The release of Jurassic World has reignited our love for paleontology. Many of us share a longing to understand the dinosaurs that roamed the Earth long before we arrived. But paleontology is a discipline much broader than this.
Dinosaurs dominated the land for 135 million years, but what happened during the rest of the Earth’s 4.6 billion-year history? The role of paleontologists past and present has been to unravel the mysteries of life on Earth, and in doing so they’ve found a lot more than just dinosaur bones.
1. Spiky-Backed Ocean Dweller
Hallucigenia was discovered when a 508 million year old fossil was found in 1911 in the world-famous Burgess Shale fossil site in Canada. Since then, our understanding of this ocean-dwelling creature has changed dramatically.
Its age means it falls into the geological Cambrian period, a pivotal moment for all life on Earth when complex lifeforms started to rapidly evolve. When originally described, Hallucigenia was first thought to have walked along the ocean floor on spiny legs and used tentacles on its back to catch food. Paleontologists also argued over which end was its head.
But when a similar fossil was found in China, Hallucigenia was re-examined. Paleontologists then discovered that its “legs” were actually protective spines on its back, and the tentacles formed two rows on its underside enabling it to “walk.” Researchers are still debating many of the features of Hallucigenia today, more than 100 years after it was discovered.
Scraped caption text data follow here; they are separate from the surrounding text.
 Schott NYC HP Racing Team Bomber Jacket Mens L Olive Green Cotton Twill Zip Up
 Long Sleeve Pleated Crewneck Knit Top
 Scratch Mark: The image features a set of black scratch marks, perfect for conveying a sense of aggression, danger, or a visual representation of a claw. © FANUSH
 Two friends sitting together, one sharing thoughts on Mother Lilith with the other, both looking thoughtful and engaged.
2. Fish Out of Water (Almost)
100 million years on from Hallucigenia, aquatic habitats were thriving, but life on land was still in its earliest stages. Tiktaalik, part fish, part four-legged animal, is believed to be the first creature to develop characteristics that would help animals move out of the water and on to land.
It had gills, fins and scales like a fish, but also evolved features such as a flexible neck and a reptile-like head and lungs, beneficial for life on the ground. Fossils also show Tiktaalik had long fins that acted as legs, meaning it could “walk” along riverbeds as well as swim.
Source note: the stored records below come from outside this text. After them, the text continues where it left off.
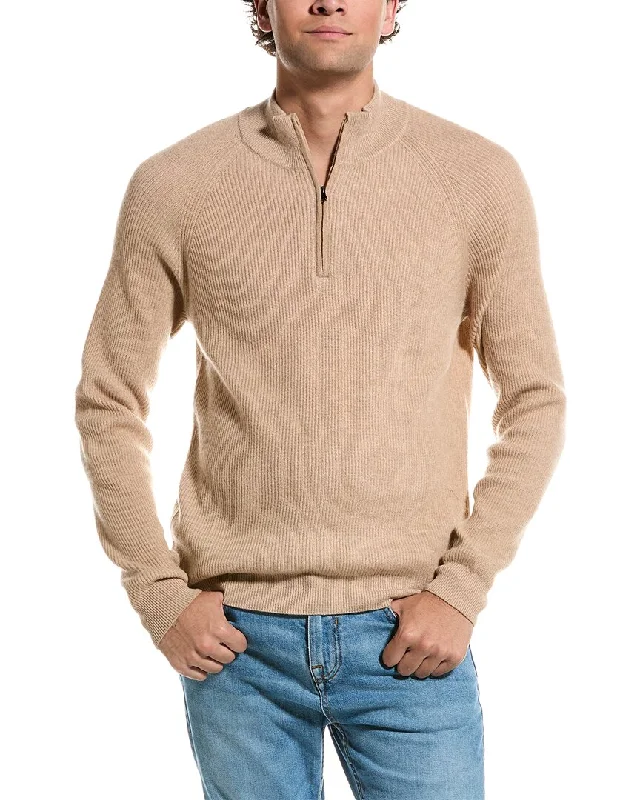 Men's weekend sweatshirt-Men's organic athletic t-shirt-Amicale Cashmere Two-Tone Plaited Rib Cashmere 1/4-Zip Sweater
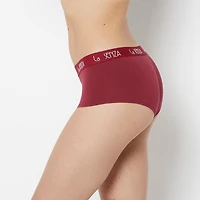 Boyshort Cotton Panty with Art Deco Logo Band Plum Rose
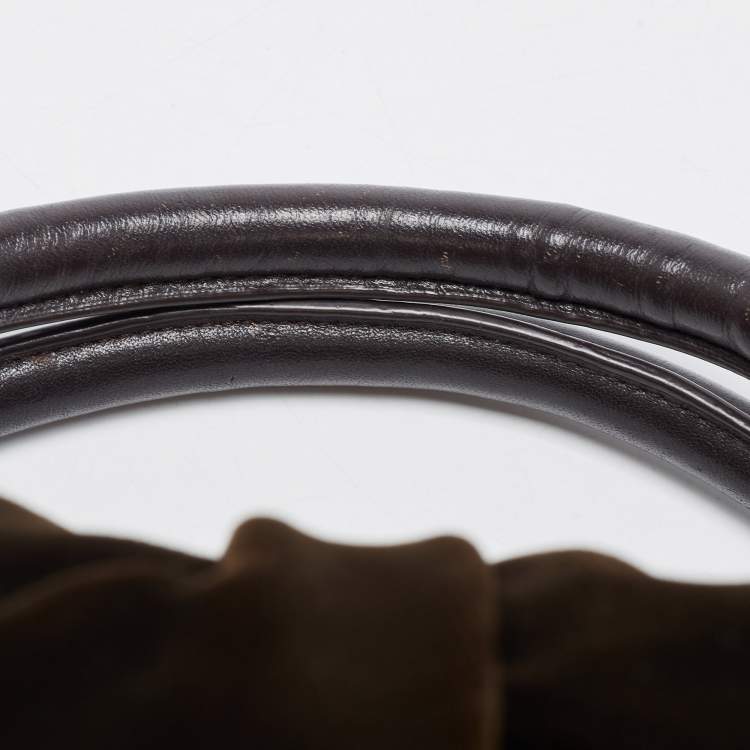 Pre Owned Cerruti Brown Velvet Pleated Satchel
3. Giant Scottish Scorpion
Pulmonoscorpius kirktonensis, a 70cm-long scorpion, lived in what we now know as Scotland 340 million years ago. At a length greater than that of the average pet cat, this terrifying creature used its tail to catch and kill its prey.
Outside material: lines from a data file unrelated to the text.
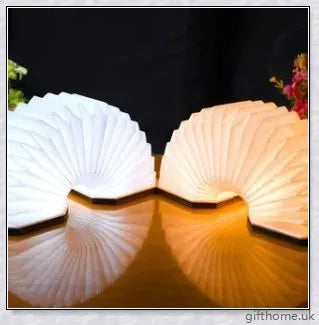 Accordion-style portable lamp with magnetic folding design and USB rechargeable features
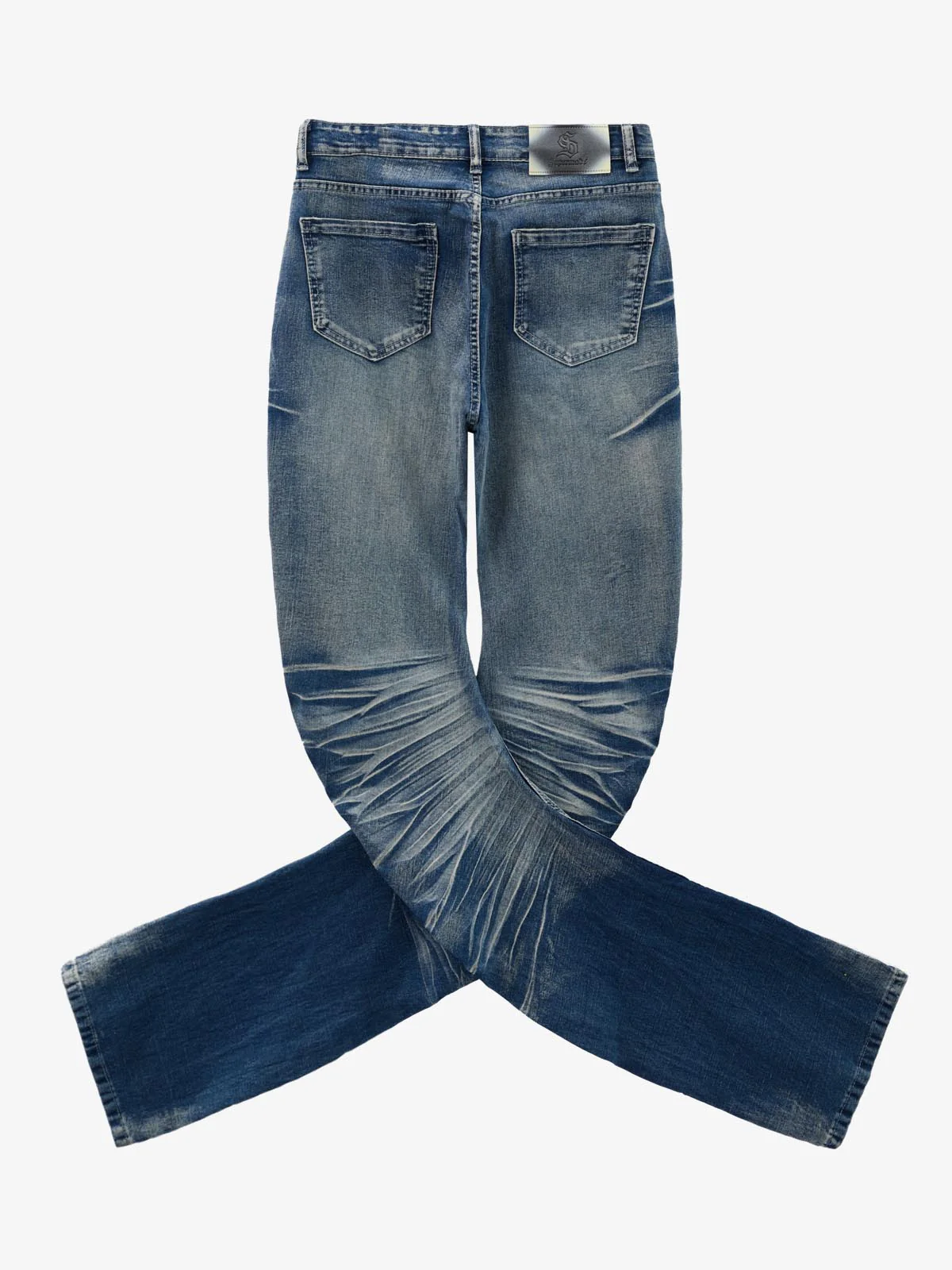 Vintage Distressed Button Fly Ruched Panel Flared Jeans - Image 12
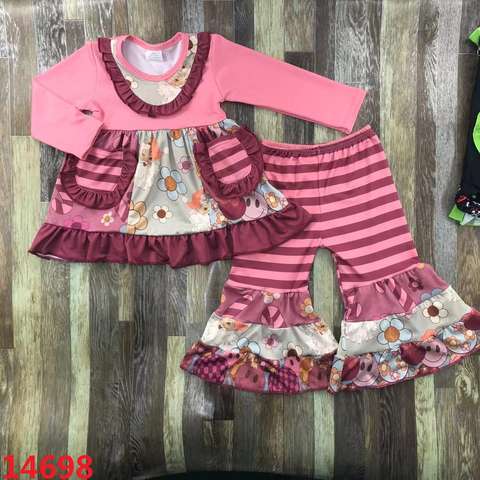 Girls' Ruffled Long Sleeve and Pants Set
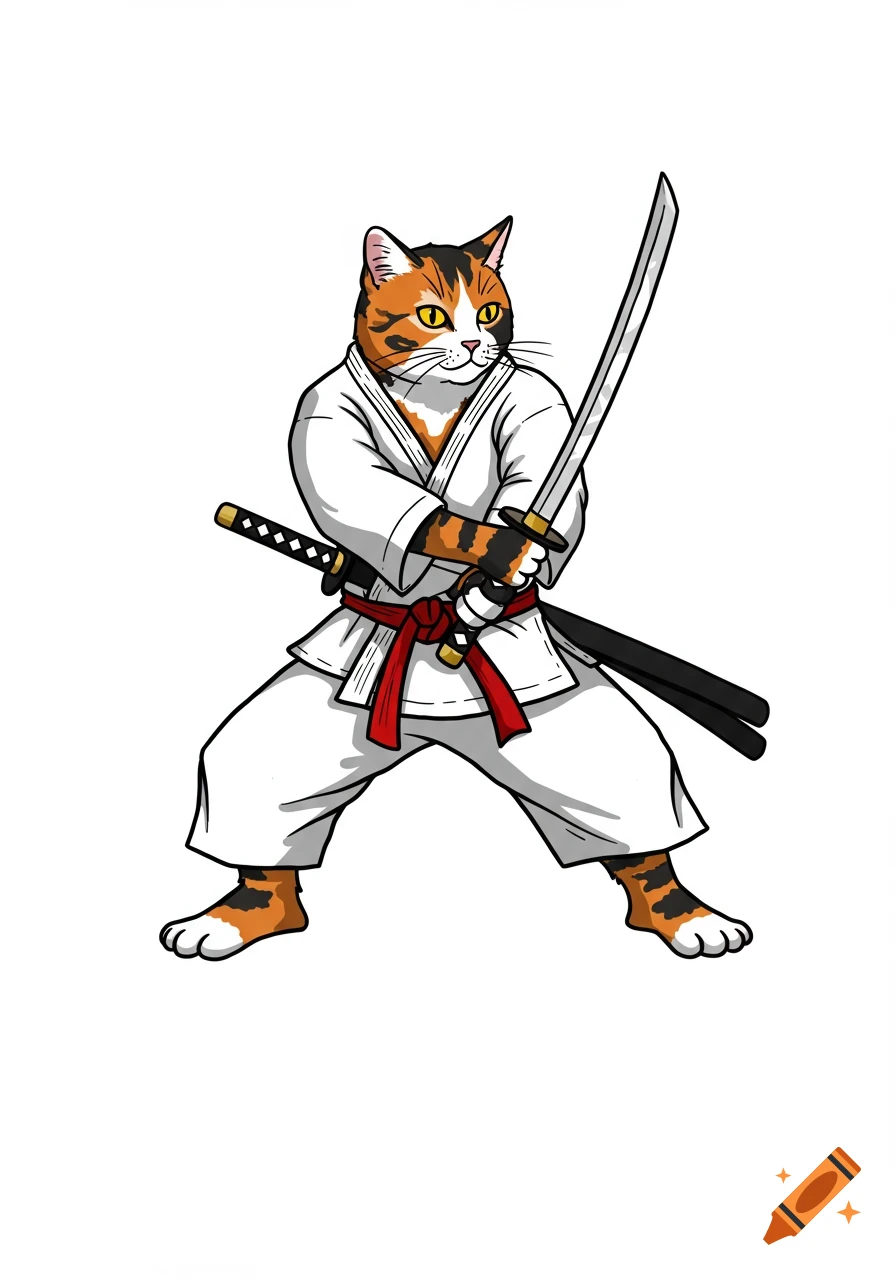 A cartoon calico cat in a white gi with a red belt holds a katana, standing in a martial arts pose against a white background.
Pulmonoscorpius also had unusually large eyes compared to its modern relatives, so most likely hunted during daylight hours. Scorpions shed their skin as they grow, so fossils of both the skin and the animal itself have been found.
4. Spiral-Lipped Shark
Helicoprion, a shark-like fish alive during the Permian (290 million years ago), had a rather unique dental structure. With a face that baffled paleontologists for years, this creature had a lower jaw made up of a spiral of teeth, known as a tooth-whorl.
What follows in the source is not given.